» **What you should do**: The answer must consist solely of the lines below starting at the one containing "This morning I'm" and ending at the one containing "Hello, I'm Heidi", repeated exactly, with both ends included and all pictures omitted.

» **Data records**:
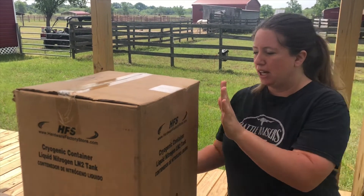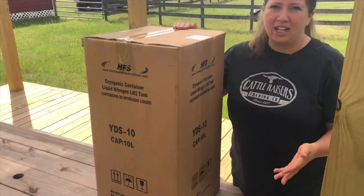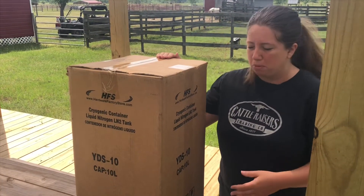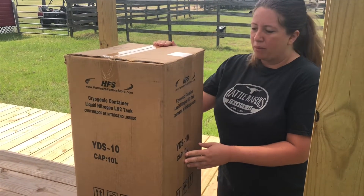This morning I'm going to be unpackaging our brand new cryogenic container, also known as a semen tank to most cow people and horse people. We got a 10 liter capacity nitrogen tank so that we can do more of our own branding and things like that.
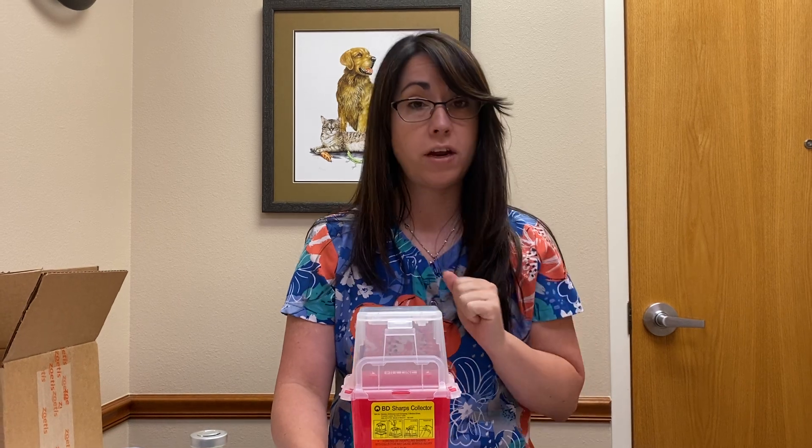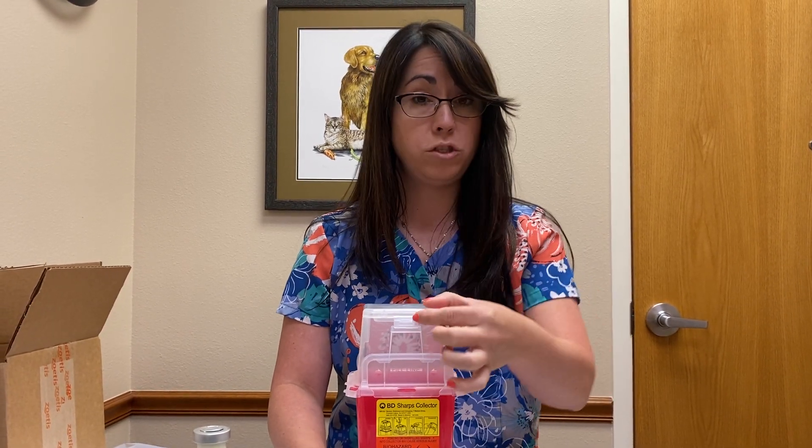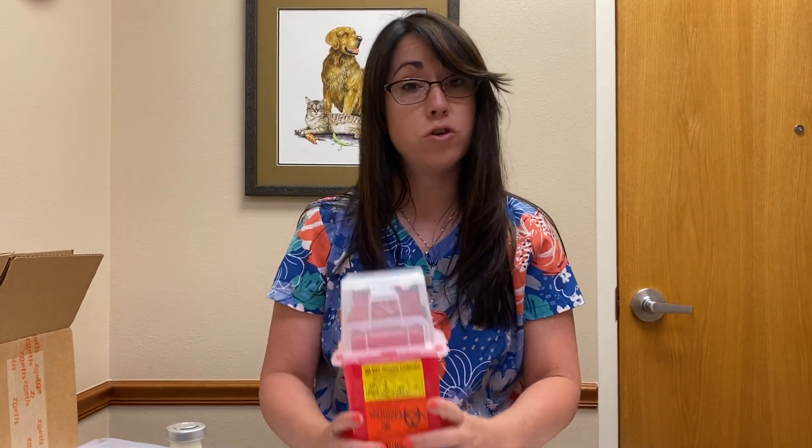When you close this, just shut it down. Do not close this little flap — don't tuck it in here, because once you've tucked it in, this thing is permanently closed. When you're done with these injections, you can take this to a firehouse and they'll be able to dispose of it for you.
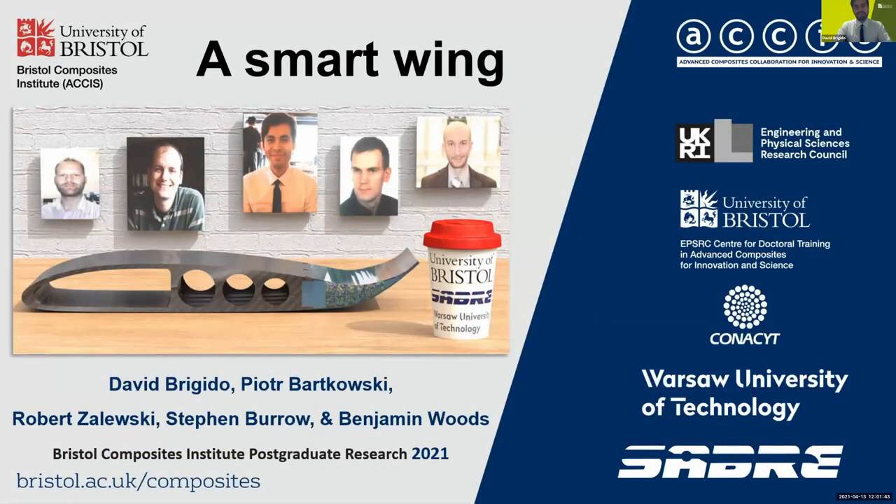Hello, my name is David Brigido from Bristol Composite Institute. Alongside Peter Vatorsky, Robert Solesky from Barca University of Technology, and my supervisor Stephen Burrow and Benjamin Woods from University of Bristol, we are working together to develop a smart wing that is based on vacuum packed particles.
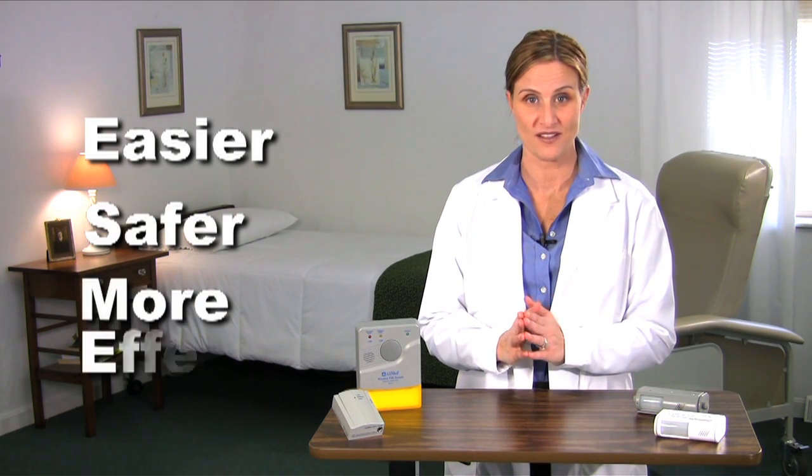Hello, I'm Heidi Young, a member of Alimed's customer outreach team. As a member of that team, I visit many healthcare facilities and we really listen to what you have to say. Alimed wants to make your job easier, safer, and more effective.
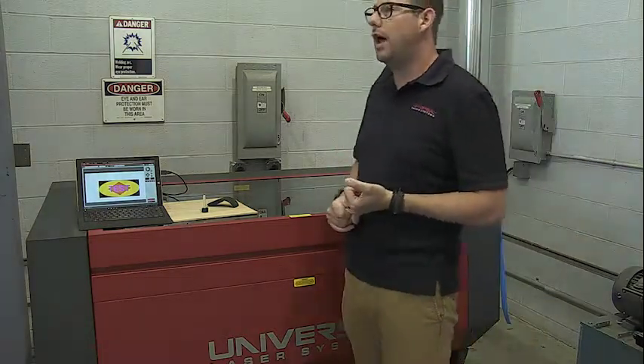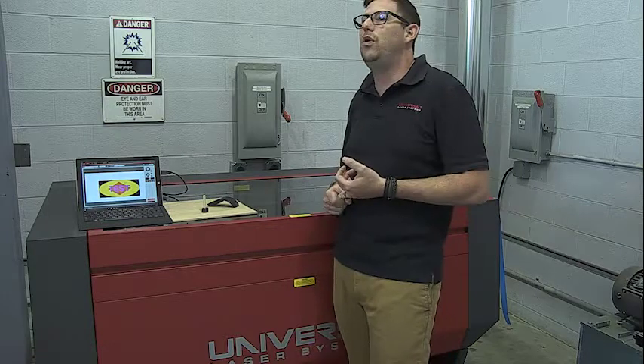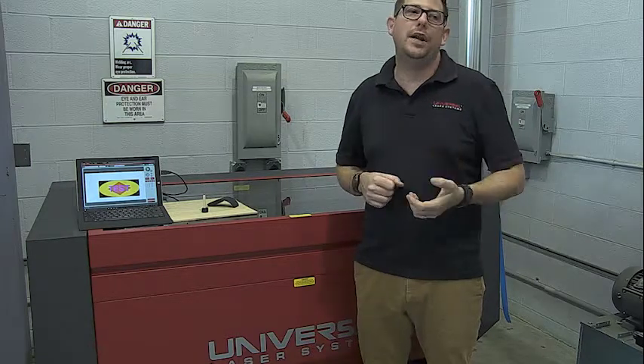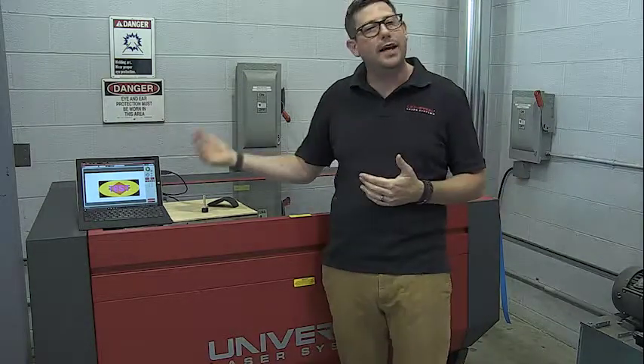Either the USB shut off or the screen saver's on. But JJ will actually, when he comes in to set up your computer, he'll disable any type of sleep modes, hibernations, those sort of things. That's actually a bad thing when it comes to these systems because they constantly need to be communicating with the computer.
* * *
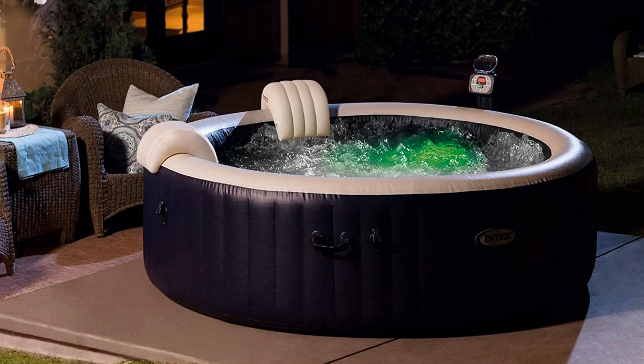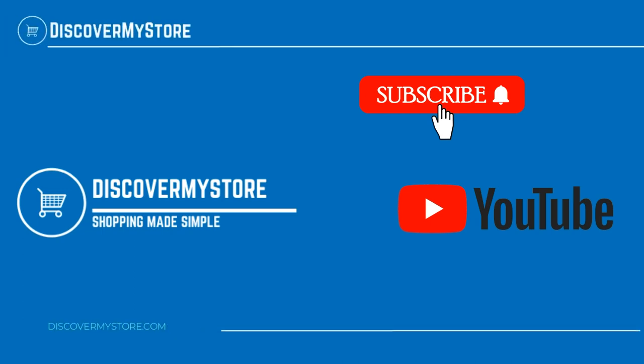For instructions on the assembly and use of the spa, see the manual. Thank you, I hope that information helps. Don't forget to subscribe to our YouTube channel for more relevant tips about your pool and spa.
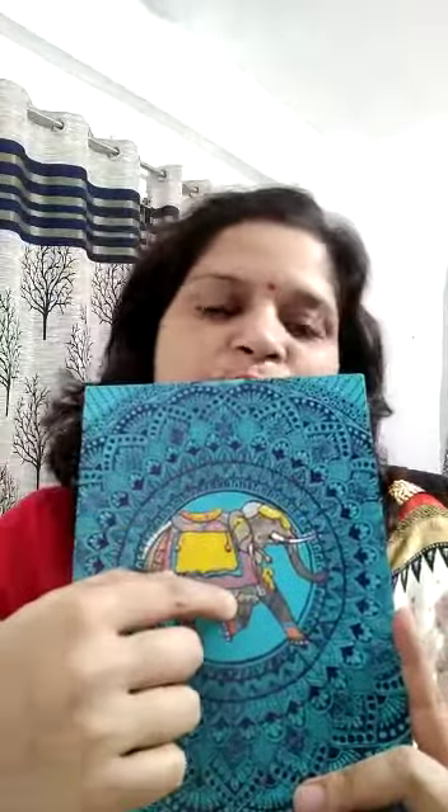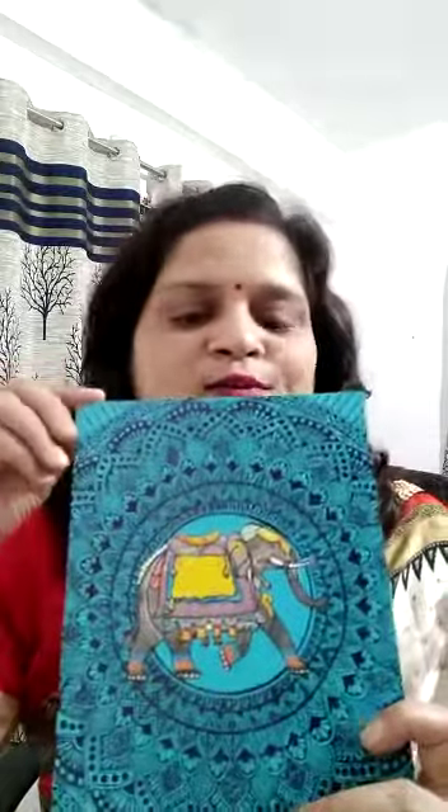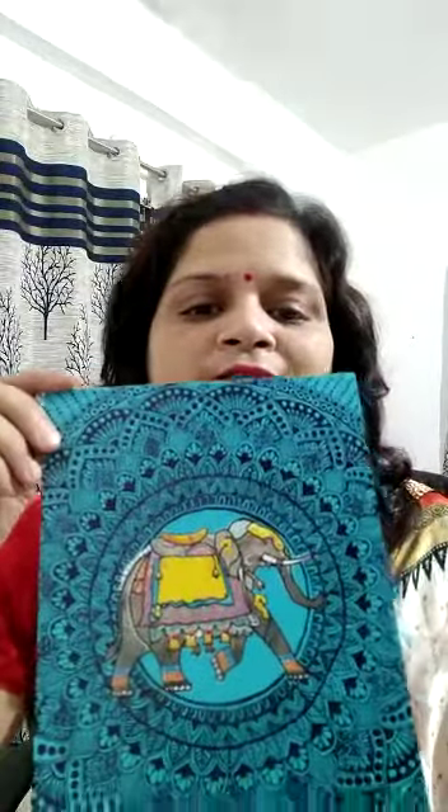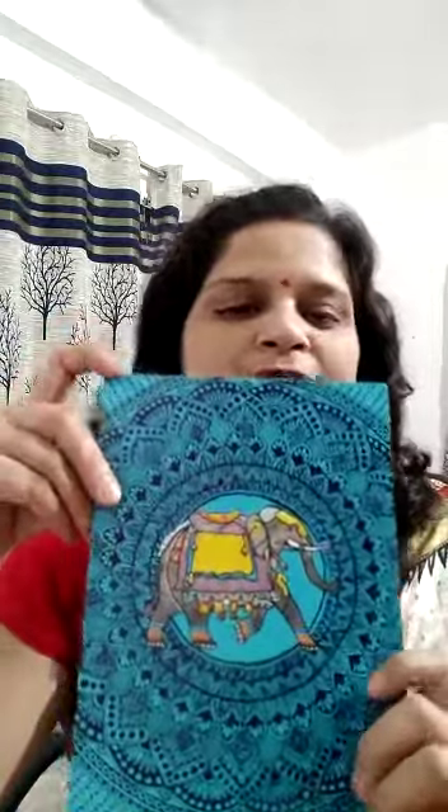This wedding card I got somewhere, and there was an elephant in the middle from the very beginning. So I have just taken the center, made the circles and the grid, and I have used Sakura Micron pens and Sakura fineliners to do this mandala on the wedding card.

» **Final answer**:
This morning I'm going to be unpackaging our brand new cryogenic container, also known as a semen tank to most cow people and horse people. We got a 10 liter capacity nitrogen tank so that we can do more of our own branding and things like that.
When you close this, just shut it down. Do not close this little flap — don't tuck it in here, because once you've tucked it in, this thing is permanently closed. When you're done with these injections, you can take this to a firehouse and they'll be able to dispose of it for you.
Hello, my name is David Brigido from Bristol Composite Institute. Alongside Peter Vatorsky, Robert Solesky from Barca University of Technology, and my supervisor Stephen Burrow and Benjamin Woods from University of Bristol, we are working together to develop a smart wing that is based on vacuum packed particles.
Hello, I'm Heidi Young, a member of Alimed's customer outreach team. As a member of that team, I visit many healthcare facilities and we really listen to what you have to say. Alimed wants to make your job easier, safer, and more effective.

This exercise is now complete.